The facial recognition landscape is rapidly changing. Significant advances in processing power, edge computing, 3D technology, and machine learning are leading to the democratization and commoditization of facial recognition software. They are also leading to increased efforts from larger enterprises to adopt this technology at a rapid pace, even if they don’t recognize the immediate need.
Apple’s iPhoneX launch will ensure that ubiquitous facial recognition on mobile is a certainty, with the expectation of 100% smartphone participation in biometrics by 2020. Technology powerhouses including Google, Microsoft, and Amazon are focusing their efforts on applied technology, reducing costs, and accelerating mass adoption.
These billion dollar entities focus on data collection for training instead of providing the best customer experience when it comes to their face recognition offering. They are explicitly tied up in compliance with GDPR as a cloud service so their face recognition solutions will remain highly restricted and as part of a larger scheme to offer value-add only if you are using their existing services.
The biggest challenge has been preparing for the regulation’s mandate that people in Europe must have control over how their digital data is organized. Google has had to go through each of its services — from Gmail to its Cloud storage services — to comply.
Edge Face Recognition
As we glance into the future of our infrastructure, cameras have become omnipresent. Their inevitable upgrade cycle will incorporate facial recognition technology to combat fraud and personalize experiences. This technology will spread due to the increased scalability of software architectures, advances in 3D technology, and the advent of edge GPUs.

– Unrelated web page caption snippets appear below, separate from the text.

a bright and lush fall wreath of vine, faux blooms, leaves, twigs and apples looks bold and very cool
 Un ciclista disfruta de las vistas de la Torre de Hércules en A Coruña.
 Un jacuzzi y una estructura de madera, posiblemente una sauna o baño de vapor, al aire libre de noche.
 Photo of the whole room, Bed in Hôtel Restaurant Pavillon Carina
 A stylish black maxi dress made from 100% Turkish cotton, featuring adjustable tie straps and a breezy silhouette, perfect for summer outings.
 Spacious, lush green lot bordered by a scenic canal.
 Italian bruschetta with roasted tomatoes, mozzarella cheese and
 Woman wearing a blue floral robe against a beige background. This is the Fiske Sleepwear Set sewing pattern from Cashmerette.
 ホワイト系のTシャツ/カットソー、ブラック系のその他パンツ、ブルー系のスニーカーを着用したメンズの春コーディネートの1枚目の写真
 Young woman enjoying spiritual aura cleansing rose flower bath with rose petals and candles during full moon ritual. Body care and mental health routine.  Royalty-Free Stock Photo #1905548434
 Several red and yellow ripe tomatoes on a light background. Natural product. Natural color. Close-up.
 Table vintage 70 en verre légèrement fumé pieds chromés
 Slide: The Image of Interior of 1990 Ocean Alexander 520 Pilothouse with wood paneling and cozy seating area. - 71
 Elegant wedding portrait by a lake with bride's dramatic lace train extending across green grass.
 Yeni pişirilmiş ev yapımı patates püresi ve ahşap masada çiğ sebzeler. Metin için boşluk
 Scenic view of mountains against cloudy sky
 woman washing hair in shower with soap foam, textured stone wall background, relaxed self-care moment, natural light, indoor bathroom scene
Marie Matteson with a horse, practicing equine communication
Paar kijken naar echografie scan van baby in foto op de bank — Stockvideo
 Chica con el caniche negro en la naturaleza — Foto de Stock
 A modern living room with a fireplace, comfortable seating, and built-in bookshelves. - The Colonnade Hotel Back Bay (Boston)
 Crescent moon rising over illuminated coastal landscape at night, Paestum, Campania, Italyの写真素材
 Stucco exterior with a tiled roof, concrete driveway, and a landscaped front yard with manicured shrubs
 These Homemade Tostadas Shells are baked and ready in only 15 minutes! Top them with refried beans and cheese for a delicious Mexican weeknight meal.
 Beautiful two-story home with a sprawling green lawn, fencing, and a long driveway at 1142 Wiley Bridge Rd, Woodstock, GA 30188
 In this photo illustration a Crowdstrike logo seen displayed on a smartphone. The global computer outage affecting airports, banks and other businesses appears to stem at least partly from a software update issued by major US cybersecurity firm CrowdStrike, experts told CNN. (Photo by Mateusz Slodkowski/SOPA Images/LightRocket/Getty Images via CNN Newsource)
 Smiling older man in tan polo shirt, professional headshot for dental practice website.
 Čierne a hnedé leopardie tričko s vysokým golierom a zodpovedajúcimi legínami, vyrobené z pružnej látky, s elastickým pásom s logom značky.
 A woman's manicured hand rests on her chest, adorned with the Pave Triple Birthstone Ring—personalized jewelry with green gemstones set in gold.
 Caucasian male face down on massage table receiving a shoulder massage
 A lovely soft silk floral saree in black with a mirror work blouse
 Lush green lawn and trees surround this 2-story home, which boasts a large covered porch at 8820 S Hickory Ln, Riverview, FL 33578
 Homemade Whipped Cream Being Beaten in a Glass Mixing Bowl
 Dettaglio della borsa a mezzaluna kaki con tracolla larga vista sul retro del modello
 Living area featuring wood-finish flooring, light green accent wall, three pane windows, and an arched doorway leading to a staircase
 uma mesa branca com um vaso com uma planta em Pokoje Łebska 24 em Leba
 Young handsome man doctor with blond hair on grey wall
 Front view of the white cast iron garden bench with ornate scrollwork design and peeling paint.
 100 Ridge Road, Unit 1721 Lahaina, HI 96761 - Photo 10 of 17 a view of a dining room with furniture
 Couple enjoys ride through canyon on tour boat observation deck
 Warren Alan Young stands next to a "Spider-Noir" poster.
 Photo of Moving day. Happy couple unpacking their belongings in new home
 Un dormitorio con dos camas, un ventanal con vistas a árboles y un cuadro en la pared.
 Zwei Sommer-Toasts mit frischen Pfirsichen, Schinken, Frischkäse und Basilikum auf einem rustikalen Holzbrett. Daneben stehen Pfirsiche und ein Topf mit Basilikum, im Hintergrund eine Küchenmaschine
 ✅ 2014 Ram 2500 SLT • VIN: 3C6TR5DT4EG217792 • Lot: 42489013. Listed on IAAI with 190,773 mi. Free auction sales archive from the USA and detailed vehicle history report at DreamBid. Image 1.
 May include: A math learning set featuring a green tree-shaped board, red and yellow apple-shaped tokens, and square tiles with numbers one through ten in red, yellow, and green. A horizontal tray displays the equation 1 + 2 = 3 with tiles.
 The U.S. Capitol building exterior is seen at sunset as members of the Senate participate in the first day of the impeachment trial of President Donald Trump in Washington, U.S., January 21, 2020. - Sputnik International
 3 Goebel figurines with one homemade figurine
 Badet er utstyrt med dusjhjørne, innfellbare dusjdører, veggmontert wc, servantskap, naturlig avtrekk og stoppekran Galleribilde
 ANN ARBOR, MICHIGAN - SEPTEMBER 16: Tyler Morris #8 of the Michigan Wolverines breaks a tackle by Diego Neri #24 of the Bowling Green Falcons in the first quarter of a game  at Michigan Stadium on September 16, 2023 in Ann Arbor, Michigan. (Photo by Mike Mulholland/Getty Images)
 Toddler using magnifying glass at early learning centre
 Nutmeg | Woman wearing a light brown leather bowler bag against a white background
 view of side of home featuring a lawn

We will witness a shift from cloud-based recognition to edge recognition that can react to faces faster than the capability of human recognition of a face. The result of edge face recognition will be convenience and bespoke experiences in our personal lives, more efficiency with our workforce and safer communities.
Nvidia has partnered with AI developer AnyVision to create facial recognition technology for “smart cities” around the world.
The thesis in the article linked above implies that the increased embedding of facial recognition in devices will reinforce an already popular experience-driven culture. An increased global spend on travel, dining, and other experiences speak to a shift from the consumption of material possessions to the pursuit of the immersive experience.
For startups to remain on the cutting edge they will need to take innovation risks as always. Such as advancing UX with customized experiences that can dynamically reflect and predict a person’s interests in real time.
In addition, offering specialized tools that will simplify facial recognition and enable it for specific use cases will become extremely important in gaining a competitive edge. It is not enough for a company to think only of the software and data collection, they must also embrace the personalization of technology and the consequences associated with it.
The race to be first in face recognition has no clear finish line and while the billion dollar companies of the valley focus on data collection, startups will put their best foot forward with UX, knowing that soon enough that data will be a commodity.